A existência desta função ou profissional não é obrigatória, mas é imprescindível e recomendada em todas as organizações que lidem com dados pessoais ou sensíveis.
Como previsto nos Artigos 37º, 38º e 39º da Lei Geral de Proteção de Dados, a designação do Encarregado (DPO) deve ser de acordo uma capacidade multidisciplinar correlata tendo em seu hard skill algumas competências como conhecimento sobre de segurança e proteção de dados, legislação aplicada e compliance, e sobre o modelo e cultura organizacionais.

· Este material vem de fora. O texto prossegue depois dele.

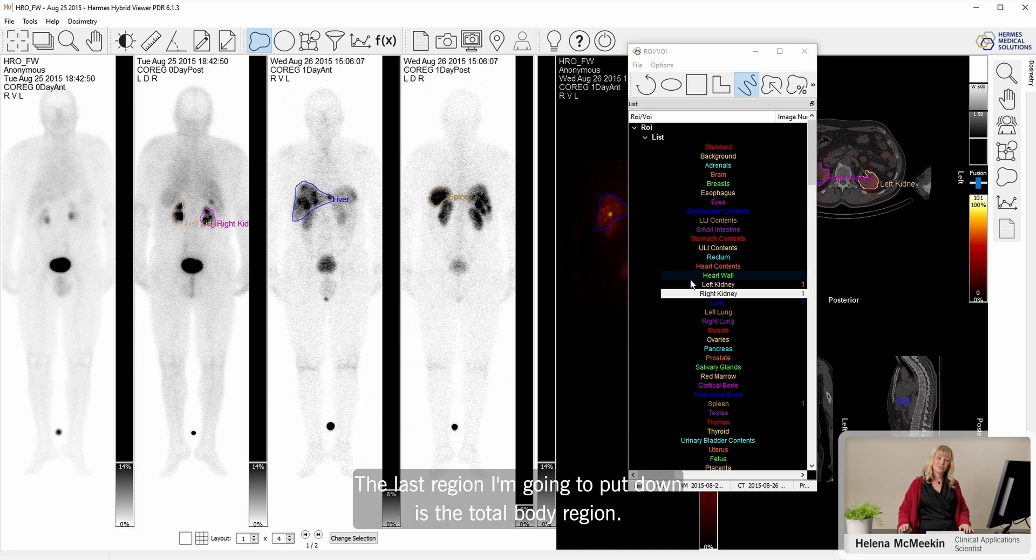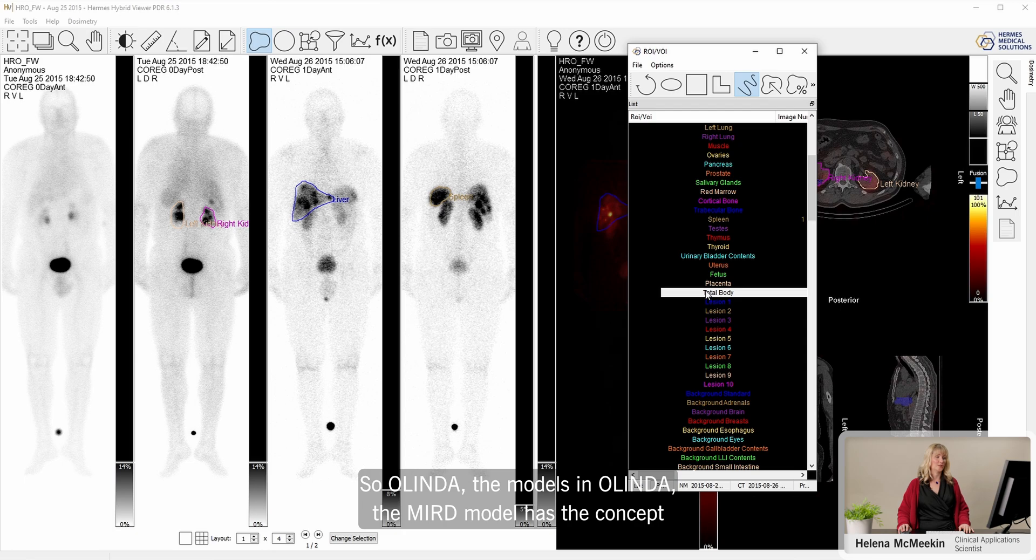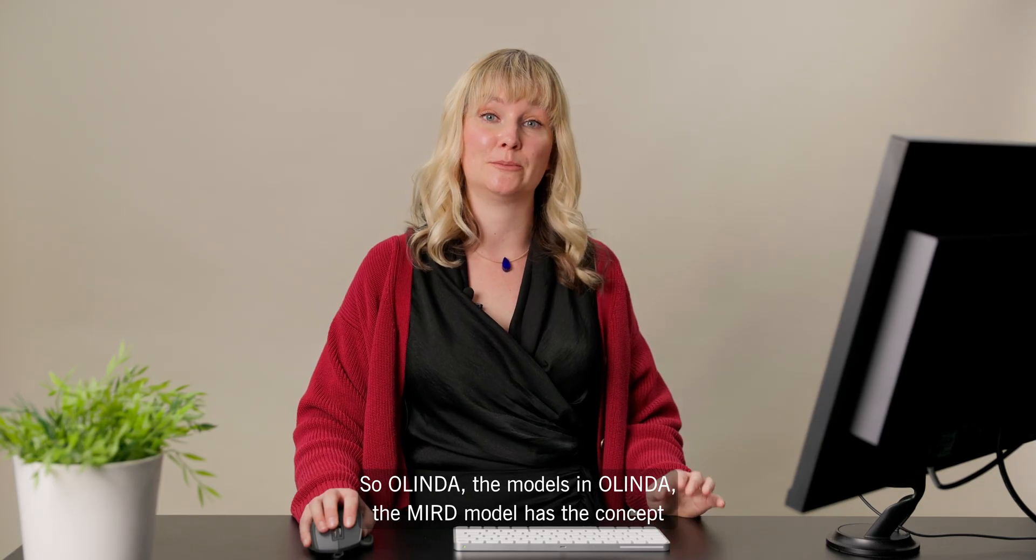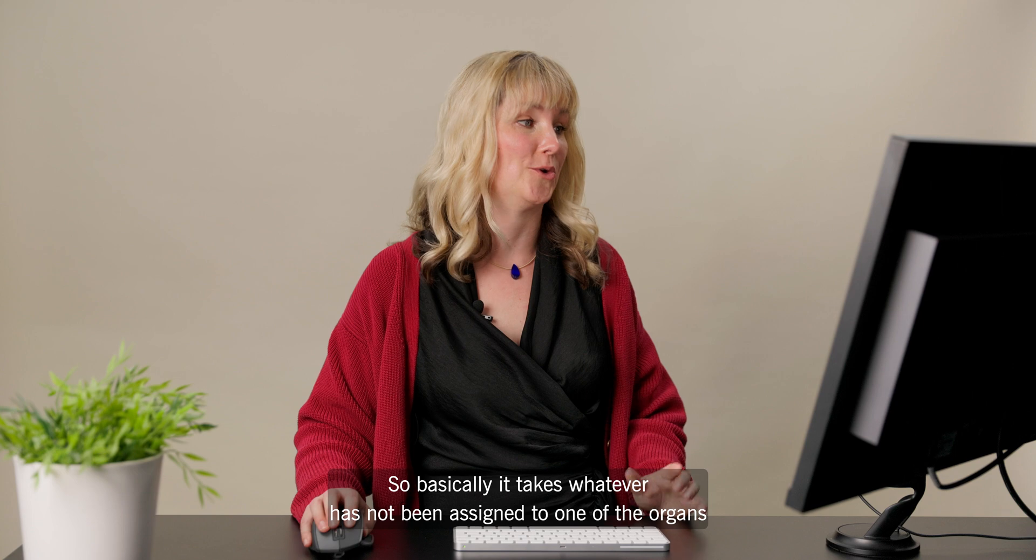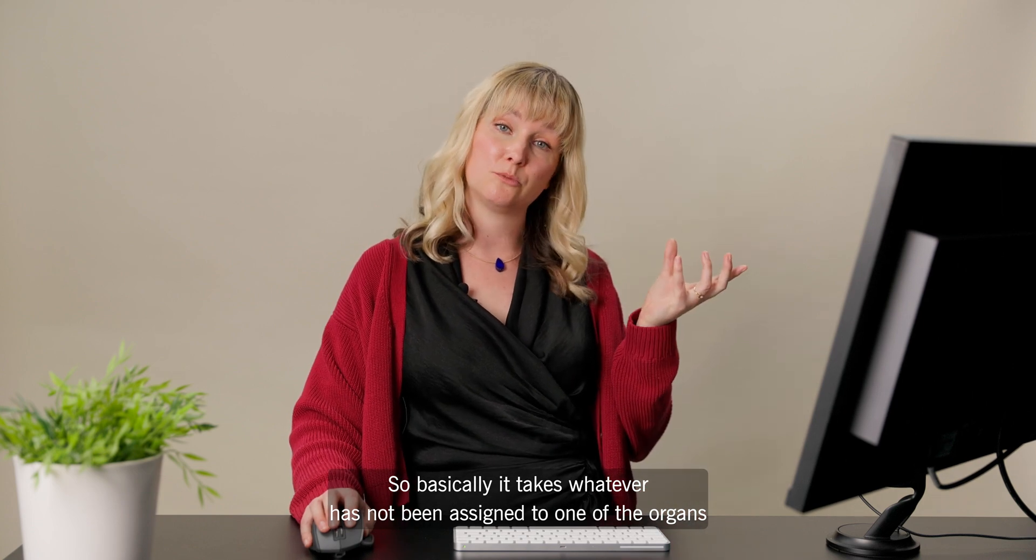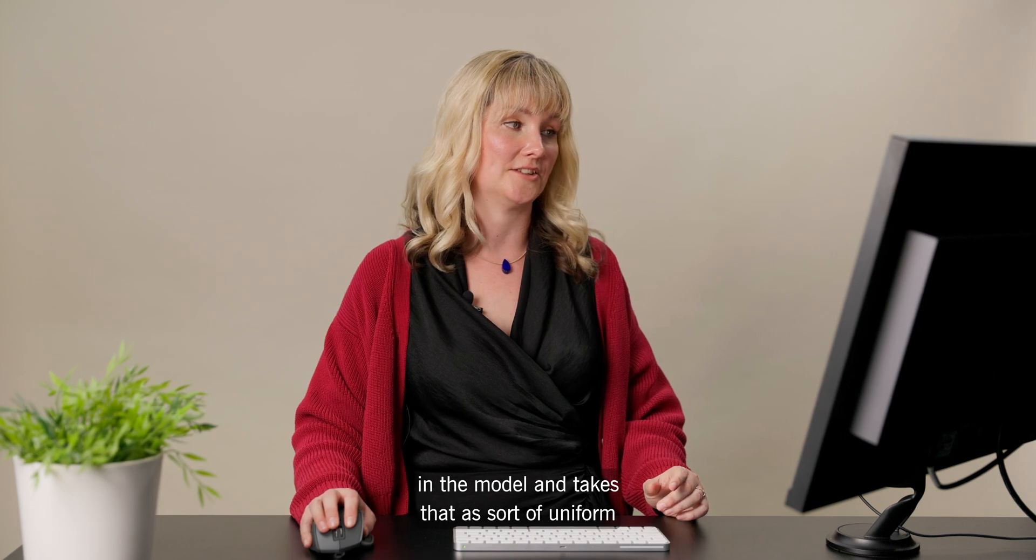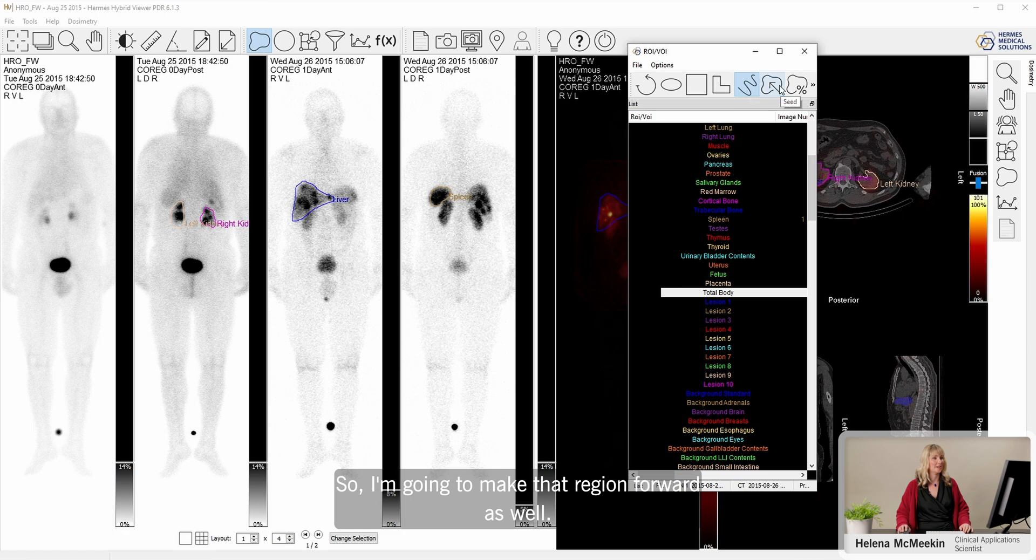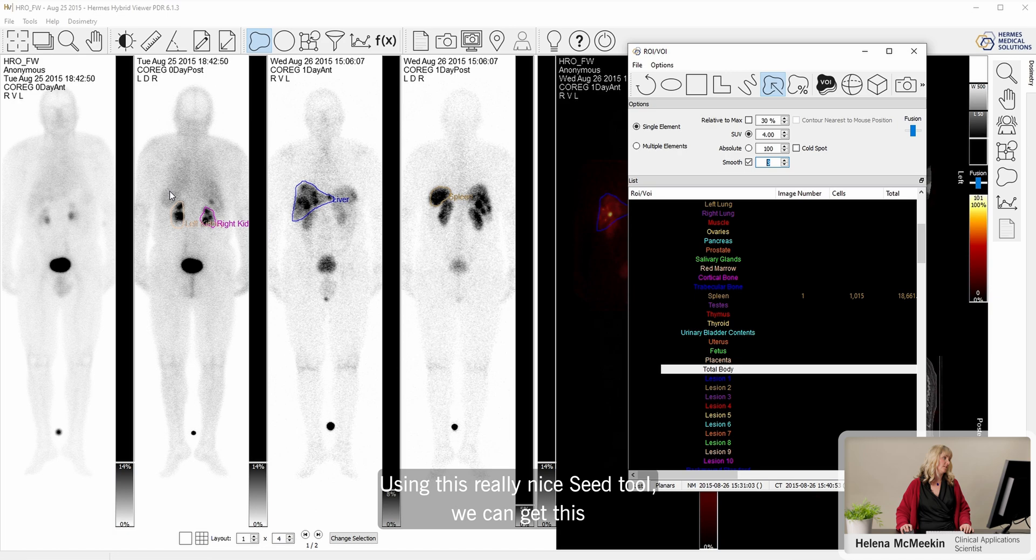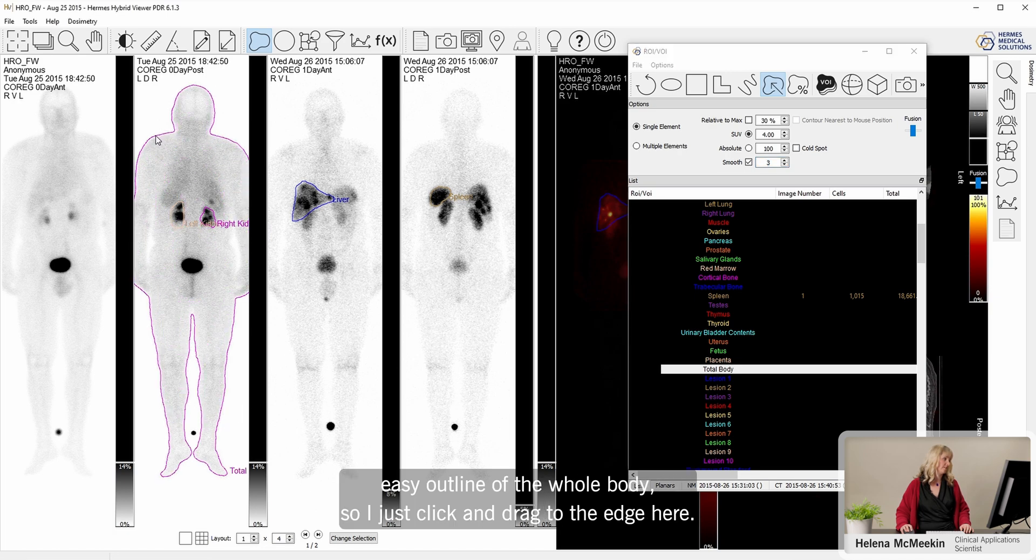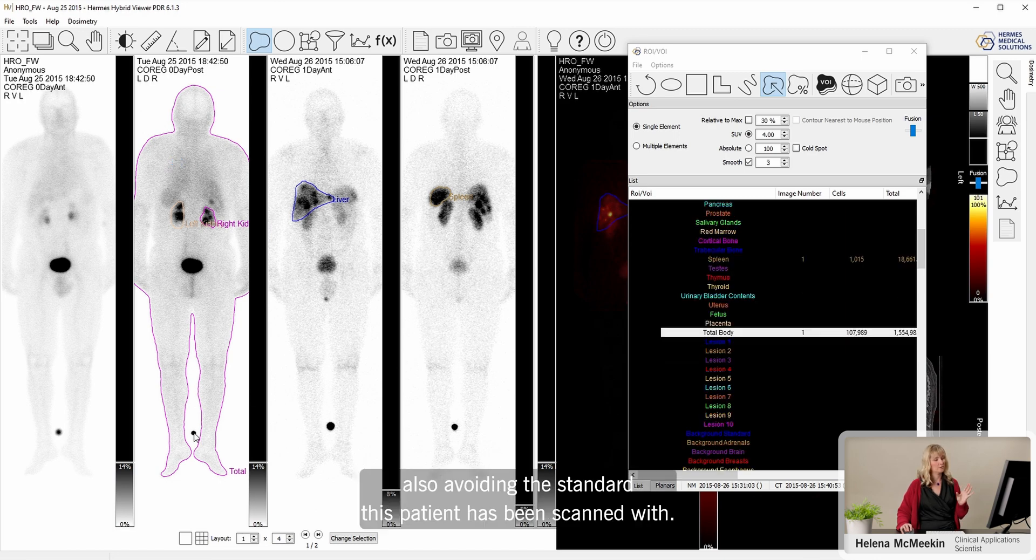The last region I'm going to put down is the total body region. So the MIRD model in Olinda has the concept of the remainder organ. It takes whatever has not been assigned to one of the organs in the model and takes that as the uniform irradiation of the whole body. Using this seed tool, we can get this easy outline of the whole body. I just click and drag to the edge here, and it really nicely defines that whole patient, also avoiding the standard that the patient has been scanned with.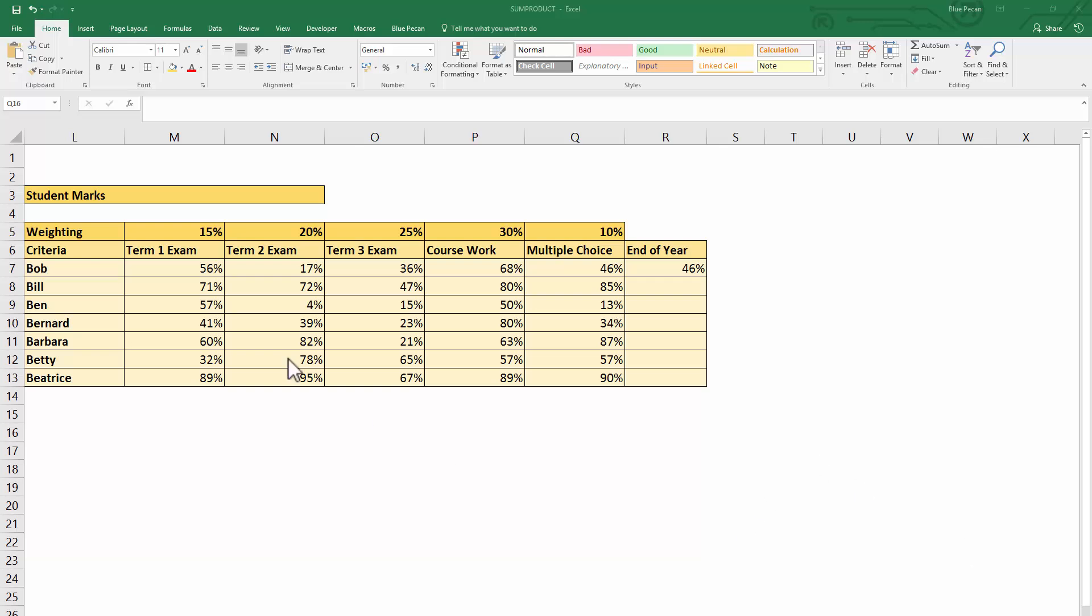For example, term one's exam is only 15% of the overall year's percentage, coursework is 30%, and multiple choice is only 10%. So I've got to consider these weightings for each exam when I calculate the overall percentage at the end of the year.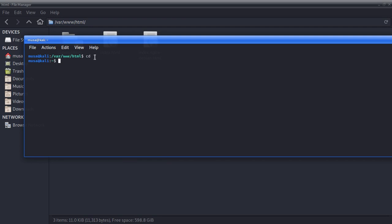After cd, you type sudo — sorry about that — actually you type su, then press Enter. After that it's going to ask you for your password — put in your root password and press Enter. When you see the hashtag prompt, just know that you're good to go.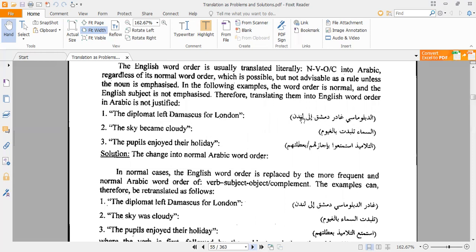Translating 'The diplomat left Damascus for London' as 'الدبلوماسي غادر دمشق إلى لندن' is not a suitable translation because Arabic verbal sentences usually start with a verb. The correct translation is: غادر الدبلوماسي دمشق إلى لندن. The subject-first structure 'الدبلوماسي غادر' is only acceptable in one situation: if the subject is emphasized (for emphatic purposes). Without emphatic purpose, we translate as verb plus subject: غادر الدبلوماسي.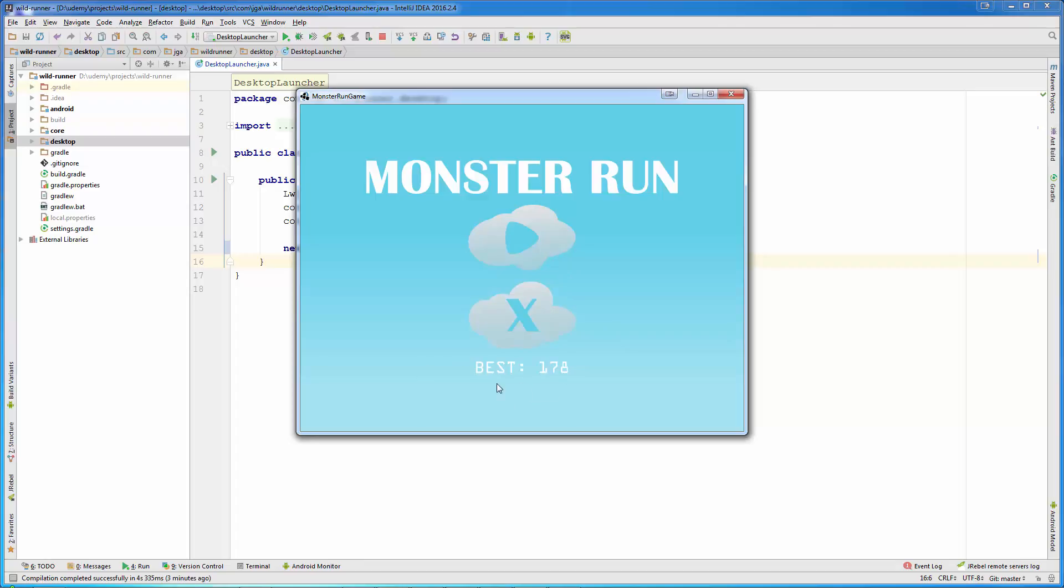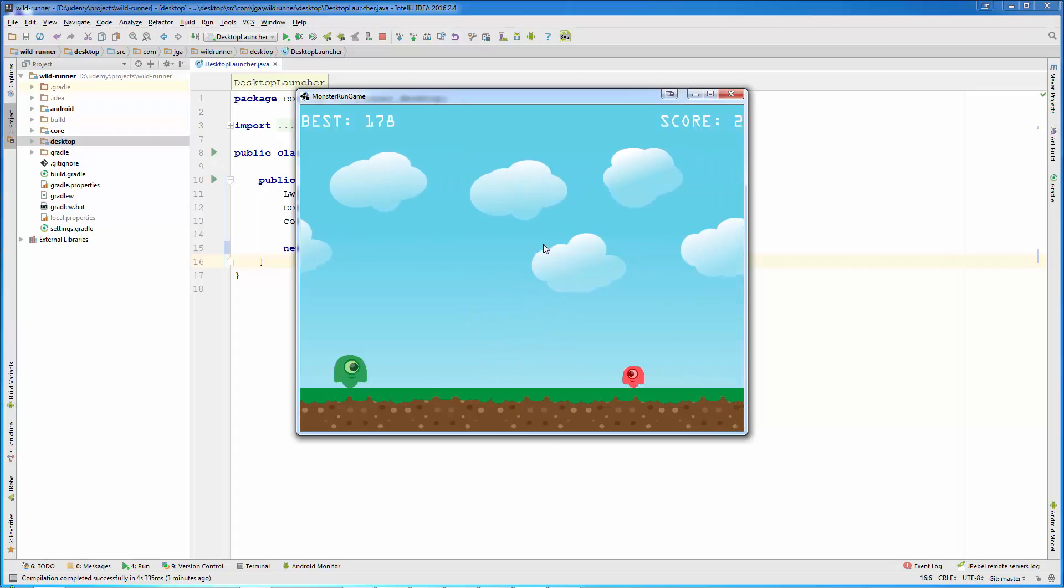There is a label on the bottom that shows the best or the high score, and now if I press the play button, you will see the actual gameplay.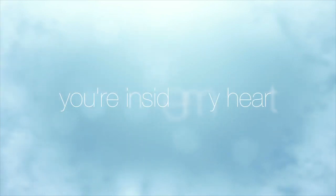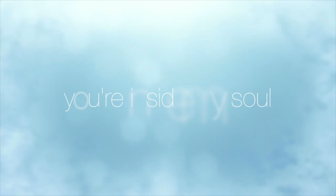Lover, don't you know you're so beautiful? You're inside my heart, you're inside my soul.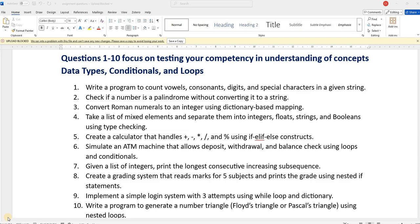Look at these questions and try solving them. I hope you don't make use of ChatGPT, because you are here to learn and build competency, and I hope you are all mature enough to understand that if you copy from ChatGPT, you are going to lose it.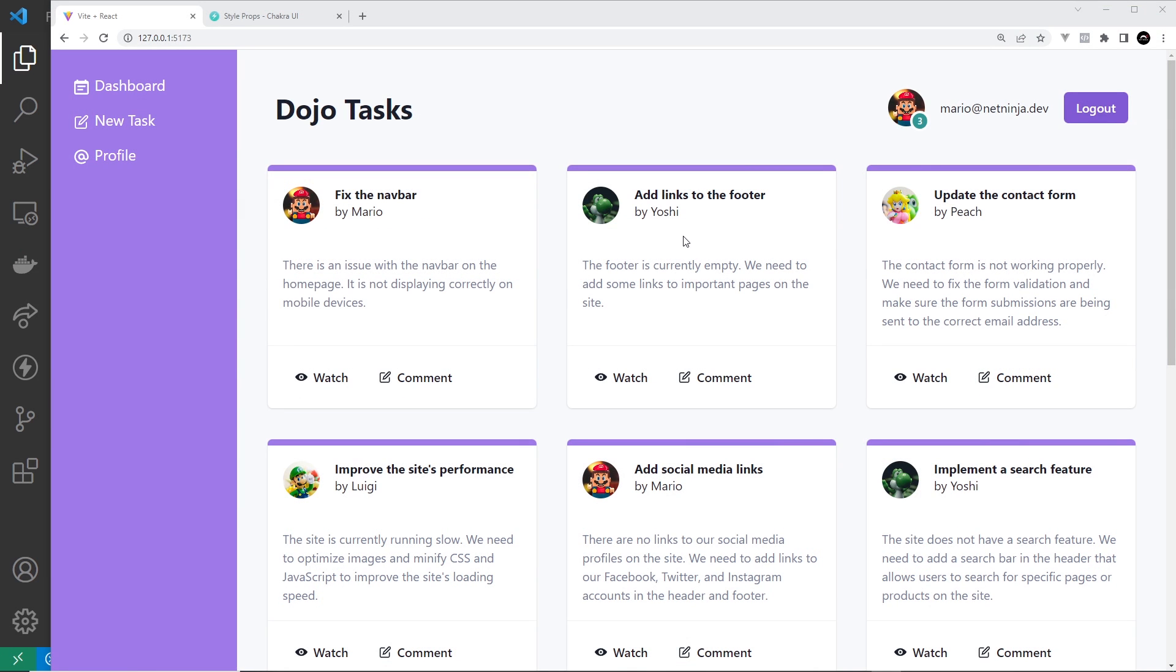Alright then, we're reaching the end of the series, but there's one more thing I wanted to show you: how to extend the default Chakra UI theme. At the very start of this series, if you remember, I mentioned that one of the drawbacks of using a component library like Chakra UI is that your website starts to feel very samey and generic.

E dentre a atividades, funções e papéis exercidos, podemos salientar as seguintes:
o Buscar o compromisso organizacional e vontade de estar em conformidade com os direcionamentos da LGPD;
o Liderar o processo de instituição de uma cultura de segurança cibernética e da proteção e privacidade de dados e informações;
o Responsável pela instituição do processo de DPIA/PIA (assessment de proteção e privacidade de dados) e por consequência o Relatório de Impacto;
o Buscar a implementação do processo de Privacy by Default, ou características de privacidade por padrão em produtos e serviços;
o Ser o elo de comunicação e interface entre a empresa, o titular dos dados e a Autoridade Nacional – ANPD;
o Incentivar e instituir a criação e o cumprimento das políticas de privacidade e proteção de dados;
o Monitorar a conformidade da organização com legislação em relação à proteção e privacidade de dados, inclusive em auditorias, monitoramento da execução de contratos, atividades de conscientização e treinamento organizacional;
o Identificar atividades de tratamento de dados e atualizar e manter atualizadas estas atividades;
o Atuar como ponto de contato para solicitações de indivíduos sobre o processamento de seus dados pessoais e o exercício de seus direitos;
o Orientar a adequação e manter o cumprimento de contratos relativos as atividades com partes relacionadas em contextos de proteção e privacidade de dados;
o Promover avaliação na exposição aos riscos de violações de privacidade e mitigados com ações de melhoramento;
o Responsável por se reportar diretamente ao mais alto nível de gerenciamento da organização;
Mas acima de tudo o DPO deve ter um desejável e especial soft skill, ou seja, a capacidade de relacionamento interpessoal, pois mais que tudo, ele terá que ter a capacidade de lidar com pessoas e eventuais conflitos que possam surgir, uma vez que necessitará integrar e trabalhar com equipes e pessoas.
Esta é uma atividade que deve evoluir e crescer em importância, uma vez que a economia de dados e a exponencialidade da disruptividade tecnológica e os riscos inerentes, avançam em um mudo cada vez mais globalizado.
Vladmir Bidniuk
Membro da Comissão Permanente de Proteção de Dados e da Divisão Jurídica da FEDERASUL.